The modern-day name of the city of Shumen emerged during the settlement of the Ancient Bulgars in today’s Northeast Bulgaria. The fortress had a very important role in the First Bulgarian Empire (632/680-1018 AD) because of its proximity to the first two Bulgar capitals south of the Danube – Pliska (680-893 AD) and Veliki Preslav (Great Preslav) (893-970 AD).
The Shumen Fortress was conquered by Byzantium in 1001 AD, shortly before all of Bulgaria was conquered and ruled by the Byzantines in 1018-1185 AD. In the 1030s-1040s, the fortress was destroyed during the invasions of the Pecheneg tribes, and was later rebuilt.
It was after the restoration of Bulgaria and the establishment of the Second Bulgarian Empire (1185-1396 AD) that Shumen became one of medieval Bulgaria’s most prominent cities, with well developed agriculture, crafts, and trade, and a royal mint in the 14th century.

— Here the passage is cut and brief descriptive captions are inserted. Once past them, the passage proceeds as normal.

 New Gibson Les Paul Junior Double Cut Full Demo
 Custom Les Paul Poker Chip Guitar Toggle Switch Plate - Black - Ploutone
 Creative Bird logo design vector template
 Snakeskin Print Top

During the Late Middle Ages, the Bulgarian city of Shumen had three fortress walls protecting its inner city, which itself had several main streets (2.5 meters wide) and a total of 27 smaller streets. The fortress walls from this period have been preserved up to a height of 5 meters. Inside the citadel, there was a 3.4 meters deep water reservoir built with stone blocks.

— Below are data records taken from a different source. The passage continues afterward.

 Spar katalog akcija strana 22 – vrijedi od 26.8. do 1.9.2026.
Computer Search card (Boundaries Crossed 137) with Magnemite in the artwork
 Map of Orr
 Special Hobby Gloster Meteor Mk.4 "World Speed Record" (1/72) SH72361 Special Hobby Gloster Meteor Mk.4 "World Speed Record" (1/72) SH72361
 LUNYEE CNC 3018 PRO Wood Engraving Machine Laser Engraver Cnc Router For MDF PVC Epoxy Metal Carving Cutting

The Shumen Fortress was conquered by the invading Ottoman Turks in 1388 AD. An inscription indicates that in 1392, Tsar Ivan Shishman (r. 1371-1395), the last ruler of the Tarnovo Tsardom, which was the largest remnant of the Second Bulgarian Empire, managed to reconquer Shumen, a move which may have led Ottoman Sultan Bayezid I (1389-1402) to launch a final campaign against the Bulgarian capital Tarnovgrad (Veliko Tarnovo).

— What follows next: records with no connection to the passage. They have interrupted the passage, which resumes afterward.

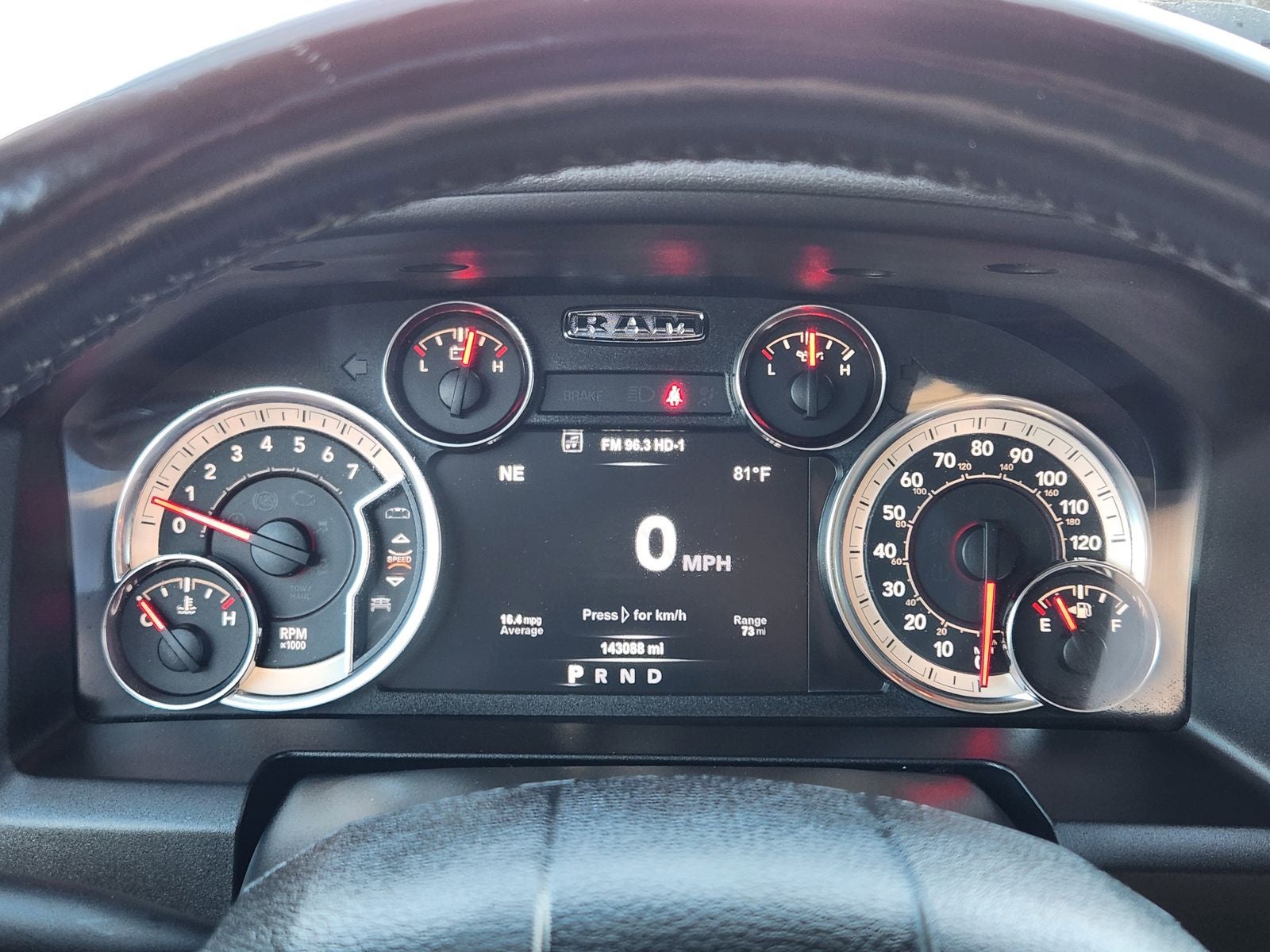 2018 RAM Ram 1500 Big Horn Crew Cab 4x4 5'7' Box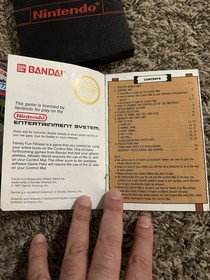 NES-Family Fun Fitness: Athletic World Series 1- Bandai 1987 with a Rare Manual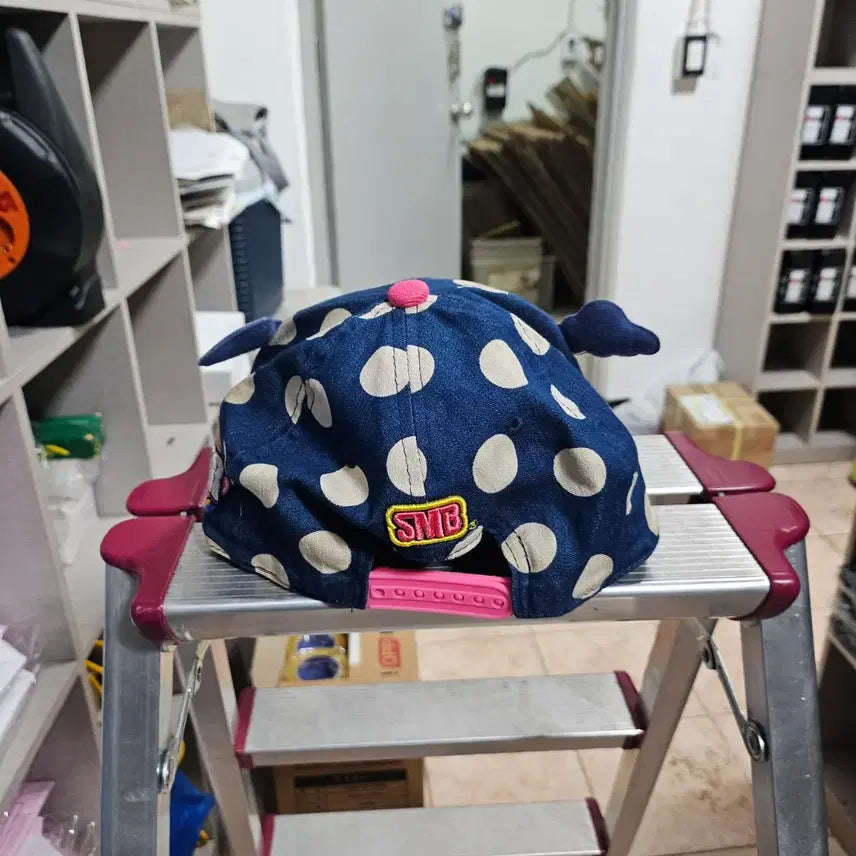 [BUNJANG] Superbound Dot Pattern Ball Cap / 슈퍼바운드 캡모자 핑크 도트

The Shumen Fortress survived until 1444 AD, when it was conquered after a fierce three-day siege by the troops from the Crusade against the Ottoman Empire of the King of Poland and Hungary Vladislav (Wladyslaw) III, also known as Varnenchik because he found his death in the Battle of Varna shortly after that. After the Shumen Fortress was burned down by the Christian knights, it was never rebuilt.
The Shumen Fortress was turned into the Shumen Fortress Historical and Archaeological Preserve in 1957. It is one of Bulgaria’s most thoroughly researched archaeological monuments. It was first explored in the first half of the 20th century by archaeologists Rafail Popov and Ivan Mollov. The bulk of the excavations took place between 1957 and 1987 under the leadership of late archaeologist Vera Antonova (1917-2002) from the Shumen Regional Museum of History. The excavations revealed a total of three fortress walls – from the Roman, Byzantine, and Bulgarian periods, with typical fortress towers for each one of them; a citadel; Byzantine thermae (public baths); a total of 12 churches, including a religious center of four churches built in close proximity; the inscription of Tsar Ivan Shishman; another short inscription which could be the first ever known inscription in the Cyrillic (Bulgaric) Alphabet; belt applications; gold liturgical vessels; ceramic vessels from the period after 1,200 BC; a large number of coins from all time periods.
The Shumen Fortress has a total territory of 32 decares (app. 8 acres) but much of its medieval population lived in a suburb outside the fortress walls.
In 2012-2015, Shumen Municipality restored partly the Shumen Fortress and other sites with funding from the European Economic Area (EEA) and Norway Grants worth BGN 3.2 million (app. EUR 1.6 million).